▸ **What needs to be done**: Taking the line containing "Detail Gallery Image" as the first and the last line of the entries as the end, reproduce every line between them exactly, including both.

Exercise material START

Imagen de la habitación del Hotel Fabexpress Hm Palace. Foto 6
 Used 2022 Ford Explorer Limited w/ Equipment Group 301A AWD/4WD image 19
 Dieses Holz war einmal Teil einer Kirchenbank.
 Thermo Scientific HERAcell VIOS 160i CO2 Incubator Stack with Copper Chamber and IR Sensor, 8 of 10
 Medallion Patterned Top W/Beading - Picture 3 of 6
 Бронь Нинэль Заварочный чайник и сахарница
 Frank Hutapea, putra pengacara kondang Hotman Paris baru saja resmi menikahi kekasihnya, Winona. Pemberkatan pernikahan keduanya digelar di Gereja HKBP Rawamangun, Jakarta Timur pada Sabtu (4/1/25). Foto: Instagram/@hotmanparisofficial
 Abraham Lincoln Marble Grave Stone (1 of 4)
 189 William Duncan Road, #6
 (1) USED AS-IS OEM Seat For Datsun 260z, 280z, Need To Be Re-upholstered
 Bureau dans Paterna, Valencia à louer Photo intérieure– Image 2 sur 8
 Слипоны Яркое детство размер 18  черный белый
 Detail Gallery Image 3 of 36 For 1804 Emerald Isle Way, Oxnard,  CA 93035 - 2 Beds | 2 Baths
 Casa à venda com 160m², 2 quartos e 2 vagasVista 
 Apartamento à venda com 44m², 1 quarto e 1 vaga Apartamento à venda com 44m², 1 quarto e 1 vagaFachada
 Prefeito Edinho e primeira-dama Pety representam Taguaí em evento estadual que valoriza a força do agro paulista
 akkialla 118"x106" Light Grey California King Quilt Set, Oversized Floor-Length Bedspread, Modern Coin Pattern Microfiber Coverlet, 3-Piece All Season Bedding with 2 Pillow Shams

Exercise material END

▸ **Result**:
 Detail Gallery Image 3 of 36 For 1804 Emerald Isle Way, Oxnard,  CA 93035 - 2 Beds | 2 Baths
 Casa à venda com 160m², 2 quartos e 2 vagasVista 
 Apartamento à venda com 44m², 1 quarto e 1 vaga Apartamento à venda com 44m², 1 quarto e 1 vagaFachada
 Prefeito Edinho e primeira-dama Pety representam Taguaí em evento estadual que valoriza a força do agro paulista
 akkialla 118"x106" Light Grey California King Quilt Set, Oversized Floor-Length Bedspread, Modern Coin Pattern Microfiber Coverlet, 3-Piece All Season Bedding with 2 Pillow Shams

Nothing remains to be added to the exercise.